Yeah, it's 4 cups, but that's a 15 tonne bus, and you can find 'a truck' lighter than that. Anyway, the ceramics blog reckons a single cup can take 10 to 15 tonnes. From an old textbook:
I reckon a coffee cup is roughly 1 inch radius, and 1/8th thickness; cross-section is 2*pi*r*t = about 0.8 square inches. That's about 7 tons, for that strength.
I don't think they're saying the one atom thick sheet would take it; it's scaling up the strength they have tested. For instance:
Now, researchers have discovered that graphene has remarkable mechanical properties too. Changgu Lee and Xiaoding Wei at Columbia University, New York, took flakes of graphene 10 to 20 micrometers in diameter and laid them across a silicon wafer patterned with holes just 1 to 1.5 micrometers in diameter, like a microscopic muffin tray.
The graphene above the tiny holes was unsupported, and Lee and Wei poked at these with the diamond tip of an atomic force microscope to see how readily the graphene deformed and ruptured.
They found that the graphene could be pushed downwards by 100 nanometres with a force of up to 2.9 micronewtons before rupturing. The researchers estimate that graphene has a breaking strength of 55 newtons per metre.

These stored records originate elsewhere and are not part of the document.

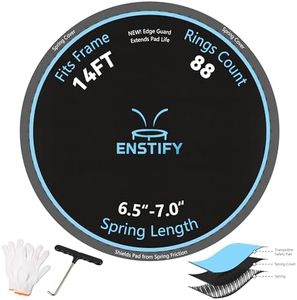 ENSTIFY 14ft Trampoline Mat Replacement 72/88 V-Hooks Standard & Upgraded with Pad-Protecting Edge, Fits 5.5-7.0in Springs (88 V-Hooks Upgraded)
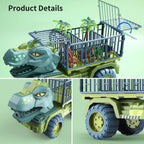 Kids Dinosaur Transport Car Carrier Truck with 3 Dino Toys Friction Powered Dinosaur Set for Boys Girls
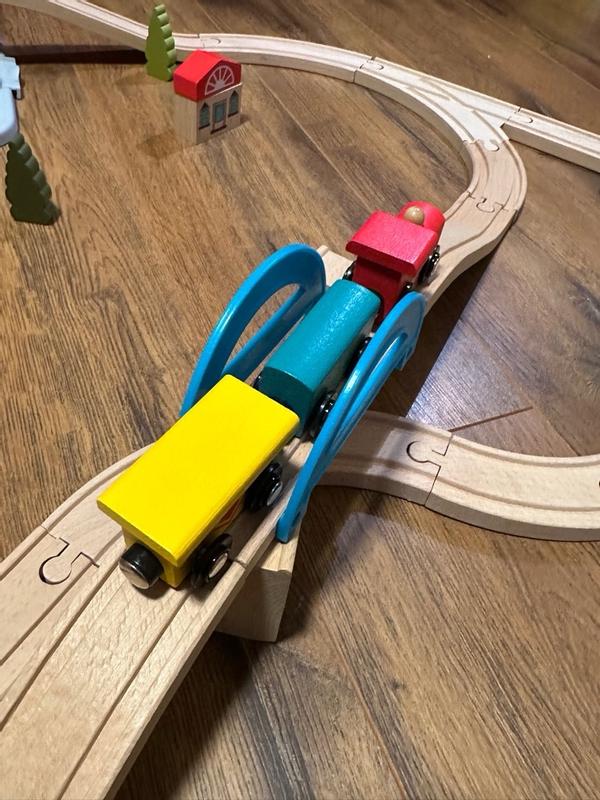 Banked 180 Curve for Wooden Train Track / Brio / Lillabo / Playtive / Hape  / Duplo / Imaginarium / Thomas / Melissa & Doug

"As a way of visualising the force needed to break the membranes, imagine trying to puncture a sheet of graphene that is as thick as ordinary plastic food wrap - typically 100 micrometers thick," says James Hone, head of the laboratory at Columbia in which Lee studies. "It would require a force of over 20,000 newtons, equivalent to the weight of a 2000 kilogram car."
That strength puts graphene literally "off the chart" of the strongest materials measured, Hone says. "These measurements constitute a benchmark of strength that a macroscopic system will never achieve, but can hope to approach," he says.